**Short descriptive text snippets**
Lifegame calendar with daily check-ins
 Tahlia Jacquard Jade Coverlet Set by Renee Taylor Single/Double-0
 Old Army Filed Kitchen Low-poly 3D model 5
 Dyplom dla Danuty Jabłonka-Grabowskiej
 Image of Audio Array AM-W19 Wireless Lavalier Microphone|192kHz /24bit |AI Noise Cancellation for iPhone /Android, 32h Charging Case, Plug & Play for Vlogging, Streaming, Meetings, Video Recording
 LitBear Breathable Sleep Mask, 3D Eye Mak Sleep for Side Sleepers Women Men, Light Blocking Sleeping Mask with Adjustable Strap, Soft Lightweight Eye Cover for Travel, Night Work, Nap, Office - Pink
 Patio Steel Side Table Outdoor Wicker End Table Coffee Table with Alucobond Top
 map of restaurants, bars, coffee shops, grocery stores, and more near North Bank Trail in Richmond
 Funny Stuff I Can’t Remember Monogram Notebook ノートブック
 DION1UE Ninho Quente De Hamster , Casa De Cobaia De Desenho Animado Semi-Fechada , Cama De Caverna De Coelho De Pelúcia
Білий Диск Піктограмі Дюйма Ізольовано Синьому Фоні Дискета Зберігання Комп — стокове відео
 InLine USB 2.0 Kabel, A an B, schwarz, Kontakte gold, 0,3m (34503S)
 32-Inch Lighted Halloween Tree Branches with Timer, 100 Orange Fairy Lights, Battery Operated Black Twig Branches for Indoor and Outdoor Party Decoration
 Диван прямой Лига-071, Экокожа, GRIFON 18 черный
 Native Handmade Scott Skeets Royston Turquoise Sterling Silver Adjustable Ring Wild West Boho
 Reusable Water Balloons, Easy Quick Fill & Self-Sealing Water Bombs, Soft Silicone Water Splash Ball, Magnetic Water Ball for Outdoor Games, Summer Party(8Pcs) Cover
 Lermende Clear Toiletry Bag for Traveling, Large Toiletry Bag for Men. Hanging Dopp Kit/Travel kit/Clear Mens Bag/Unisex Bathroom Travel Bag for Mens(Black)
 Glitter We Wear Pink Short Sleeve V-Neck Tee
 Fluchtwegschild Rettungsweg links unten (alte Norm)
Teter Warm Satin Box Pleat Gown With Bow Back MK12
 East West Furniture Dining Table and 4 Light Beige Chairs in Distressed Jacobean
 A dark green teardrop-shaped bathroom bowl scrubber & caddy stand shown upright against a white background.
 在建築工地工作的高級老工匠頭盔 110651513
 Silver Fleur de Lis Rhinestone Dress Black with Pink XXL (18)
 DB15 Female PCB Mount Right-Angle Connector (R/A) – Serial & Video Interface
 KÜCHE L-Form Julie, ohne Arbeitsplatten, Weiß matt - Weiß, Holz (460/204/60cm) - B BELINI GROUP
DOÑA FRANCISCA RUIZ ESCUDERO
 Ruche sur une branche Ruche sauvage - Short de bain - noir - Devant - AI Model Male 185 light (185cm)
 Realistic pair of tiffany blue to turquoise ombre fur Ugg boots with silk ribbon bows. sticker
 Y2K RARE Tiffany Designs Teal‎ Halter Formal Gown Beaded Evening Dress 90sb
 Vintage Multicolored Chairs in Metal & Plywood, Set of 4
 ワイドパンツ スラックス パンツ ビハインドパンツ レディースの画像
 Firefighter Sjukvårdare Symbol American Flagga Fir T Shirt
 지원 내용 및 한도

**WHAT IS BEING ASKED**
Answer with one number only: how many lines in the data contain the word "West"?

**RESPONSE FOR THIS EXERCISE**
2